Available data section start
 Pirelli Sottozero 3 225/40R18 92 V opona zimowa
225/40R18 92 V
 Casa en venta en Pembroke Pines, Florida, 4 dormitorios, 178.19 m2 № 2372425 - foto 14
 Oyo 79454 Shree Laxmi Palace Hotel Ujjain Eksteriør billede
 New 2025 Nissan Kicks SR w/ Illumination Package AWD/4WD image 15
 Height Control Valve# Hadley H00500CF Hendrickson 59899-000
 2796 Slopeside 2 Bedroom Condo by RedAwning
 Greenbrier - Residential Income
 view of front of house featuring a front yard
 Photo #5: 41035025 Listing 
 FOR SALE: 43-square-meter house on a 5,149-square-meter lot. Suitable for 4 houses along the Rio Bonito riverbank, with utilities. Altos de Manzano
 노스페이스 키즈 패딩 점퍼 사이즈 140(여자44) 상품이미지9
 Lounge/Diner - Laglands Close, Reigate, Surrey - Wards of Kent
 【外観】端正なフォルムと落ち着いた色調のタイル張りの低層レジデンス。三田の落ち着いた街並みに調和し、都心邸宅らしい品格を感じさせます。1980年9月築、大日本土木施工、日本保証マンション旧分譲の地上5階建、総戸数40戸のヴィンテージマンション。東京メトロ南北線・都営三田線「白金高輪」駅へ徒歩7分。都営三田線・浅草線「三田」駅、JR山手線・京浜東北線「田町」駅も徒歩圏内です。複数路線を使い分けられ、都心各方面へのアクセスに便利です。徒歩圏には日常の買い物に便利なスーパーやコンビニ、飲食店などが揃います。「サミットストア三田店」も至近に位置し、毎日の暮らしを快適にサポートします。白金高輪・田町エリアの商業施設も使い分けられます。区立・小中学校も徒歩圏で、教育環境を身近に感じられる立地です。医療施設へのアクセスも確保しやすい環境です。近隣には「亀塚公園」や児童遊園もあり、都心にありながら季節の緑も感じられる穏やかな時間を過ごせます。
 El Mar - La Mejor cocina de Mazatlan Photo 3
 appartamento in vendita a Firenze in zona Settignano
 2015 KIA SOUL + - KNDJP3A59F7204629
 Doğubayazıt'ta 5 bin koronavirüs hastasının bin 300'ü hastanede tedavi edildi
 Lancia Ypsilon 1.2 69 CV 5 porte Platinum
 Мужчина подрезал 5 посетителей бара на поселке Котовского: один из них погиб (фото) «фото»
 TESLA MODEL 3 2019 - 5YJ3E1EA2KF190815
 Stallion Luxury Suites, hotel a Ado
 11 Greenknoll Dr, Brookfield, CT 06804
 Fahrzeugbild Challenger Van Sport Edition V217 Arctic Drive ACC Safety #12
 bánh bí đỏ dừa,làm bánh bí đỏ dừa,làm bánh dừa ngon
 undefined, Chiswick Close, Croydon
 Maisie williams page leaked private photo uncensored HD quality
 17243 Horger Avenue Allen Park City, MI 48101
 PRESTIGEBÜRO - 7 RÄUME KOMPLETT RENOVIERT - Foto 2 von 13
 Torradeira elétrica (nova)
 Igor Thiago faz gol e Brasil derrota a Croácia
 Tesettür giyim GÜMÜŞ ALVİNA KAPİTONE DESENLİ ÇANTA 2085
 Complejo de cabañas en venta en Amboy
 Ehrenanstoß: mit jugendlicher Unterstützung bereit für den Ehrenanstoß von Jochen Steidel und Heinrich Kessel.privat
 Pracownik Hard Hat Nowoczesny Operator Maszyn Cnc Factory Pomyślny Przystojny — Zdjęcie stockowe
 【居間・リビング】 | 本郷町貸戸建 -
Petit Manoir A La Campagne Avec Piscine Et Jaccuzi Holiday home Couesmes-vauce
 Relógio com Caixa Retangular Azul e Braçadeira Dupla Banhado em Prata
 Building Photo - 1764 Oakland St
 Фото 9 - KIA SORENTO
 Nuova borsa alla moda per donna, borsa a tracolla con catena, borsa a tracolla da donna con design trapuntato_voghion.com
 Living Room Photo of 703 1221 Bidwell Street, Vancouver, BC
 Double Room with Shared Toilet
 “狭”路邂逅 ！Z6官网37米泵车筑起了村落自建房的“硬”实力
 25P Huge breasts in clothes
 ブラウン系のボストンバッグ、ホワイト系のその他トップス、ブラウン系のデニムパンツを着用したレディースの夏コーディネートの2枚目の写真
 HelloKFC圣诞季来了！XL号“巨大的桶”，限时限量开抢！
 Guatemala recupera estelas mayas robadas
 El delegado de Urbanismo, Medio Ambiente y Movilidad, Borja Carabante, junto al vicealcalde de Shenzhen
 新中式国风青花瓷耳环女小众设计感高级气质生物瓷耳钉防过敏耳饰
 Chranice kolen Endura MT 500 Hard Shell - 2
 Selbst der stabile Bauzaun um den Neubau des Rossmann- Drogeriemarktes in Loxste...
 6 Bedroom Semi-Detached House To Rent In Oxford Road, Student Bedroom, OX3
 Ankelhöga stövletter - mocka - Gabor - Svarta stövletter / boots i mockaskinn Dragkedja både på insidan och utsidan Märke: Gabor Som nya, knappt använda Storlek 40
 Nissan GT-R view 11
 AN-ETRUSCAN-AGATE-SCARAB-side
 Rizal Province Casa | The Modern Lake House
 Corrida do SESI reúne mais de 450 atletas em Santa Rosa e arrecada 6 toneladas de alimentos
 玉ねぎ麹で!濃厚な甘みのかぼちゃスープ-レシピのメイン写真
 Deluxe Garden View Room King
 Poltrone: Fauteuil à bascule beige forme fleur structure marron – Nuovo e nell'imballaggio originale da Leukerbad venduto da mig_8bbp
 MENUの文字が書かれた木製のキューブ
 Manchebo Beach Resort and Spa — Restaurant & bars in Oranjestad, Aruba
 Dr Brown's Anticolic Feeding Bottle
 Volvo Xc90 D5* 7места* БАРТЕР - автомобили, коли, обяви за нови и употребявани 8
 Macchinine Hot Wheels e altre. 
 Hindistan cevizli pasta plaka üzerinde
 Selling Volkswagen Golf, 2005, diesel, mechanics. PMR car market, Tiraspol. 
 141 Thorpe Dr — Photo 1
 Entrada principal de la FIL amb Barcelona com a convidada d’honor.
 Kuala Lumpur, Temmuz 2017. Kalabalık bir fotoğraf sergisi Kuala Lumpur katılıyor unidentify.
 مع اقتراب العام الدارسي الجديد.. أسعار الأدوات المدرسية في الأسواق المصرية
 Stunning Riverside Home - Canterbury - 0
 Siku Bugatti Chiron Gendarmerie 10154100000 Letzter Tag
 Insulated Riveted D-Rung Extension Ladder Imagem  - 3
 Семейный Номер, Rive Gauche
Available data section end
• _Exercise_: Using only the entries above, output the line with "25P Huge breasts in clothes", the line with "Stunning Riverside Home - Canterbury - 0", and all lines between them, exactly as they stand.

• _Output_:
 25P Huge breasts in clothes
 ブラウン系のボストンバッグ、ホワイト系のその他トップス、ブラウン系のデニムパンツを着用したレディースの夏コーディネートの2枚目の写真
 HelloKFC圣诞季来了！XL号“巨大的桶”，限时限量开抢！
 Guatemala recupera estelas mayas robadas
 El delegado de Urbanismo, Medio Ambiente y Movilidad, Borja Carabante, junto al vicealcalde de Shenzhen
 新中式国风青花瓷耳环女小众设计感高级气质生物瓷耳钉防过敏耳饰
 Chranice kolen Endura MT 500 Hard Shell - 2
 Selbst der stabile Bauzaun um den Neubau des Rossmann- Drogeriemarktes in Loxste...
 6 Bedroom Semi-Detached House To Rent In Oxford Road, Student Bedroom, OX3
 Ankelhöga stövletter - mocka - Gabor - Svarta stövletter / boots i mockaskinn Dragkedja både på insidan och utsidan Märke: Gabor Som nya, knappt använda Storlek 40
 Nissan GT-R view 11
 AN-ETRUSCAN-AGATE-SCARAB-side
 Rizal Province Casa | The Modern Lake House
 Corrida do SESI reúne mais de 450 atletas em Santa Rosa e arrecada 6 toneladas de alimentos
 玉ねぎ麹で!濃厚な甘みのかぼちゃスープ-レシピのメイン写真
 Deluxe Garden View Room King
 Poltrone: Fauteuil à bascule beige forme fleur structure marron – Nuovo e nell'imballaggio originale da Leukerbad venduto da mig_8bbp
 MENUの文字が書かれた木製のキューブ
 Manchebo Beach Resort and Spa — Restaurant & bars in Oranjestad, Aruba
 Dr Brown's Anticolic Feeding Bottle
 Volvo Xc90 D5* 7места* БАРТЕР - автомобили, коли, обяви за нови и употребявани 8
 Macchinine Hot Wheels e altre. 
 Hindistan cevizli pasta plaka üzerinde
 Selling Volkswagen Golf, 2005, diesel, mechanics. PMR car market, Tiraspol. 
 141 Thorpe Dr — Photo 1
 Entrada principal de la FIL amb Barcelona com a convidada d’honor.
 Kuala Lumpur, Temmuz 2017. Kalabalık bir fotoğraf sergisi Kuala Lumpur katılıyor unidentify.
 مع اقتراب العام الدارسي الجديد.. أسعار الأدوات المدرسية في الأسواق المصرية
 Stunning Riverside Home - Canterbury - 0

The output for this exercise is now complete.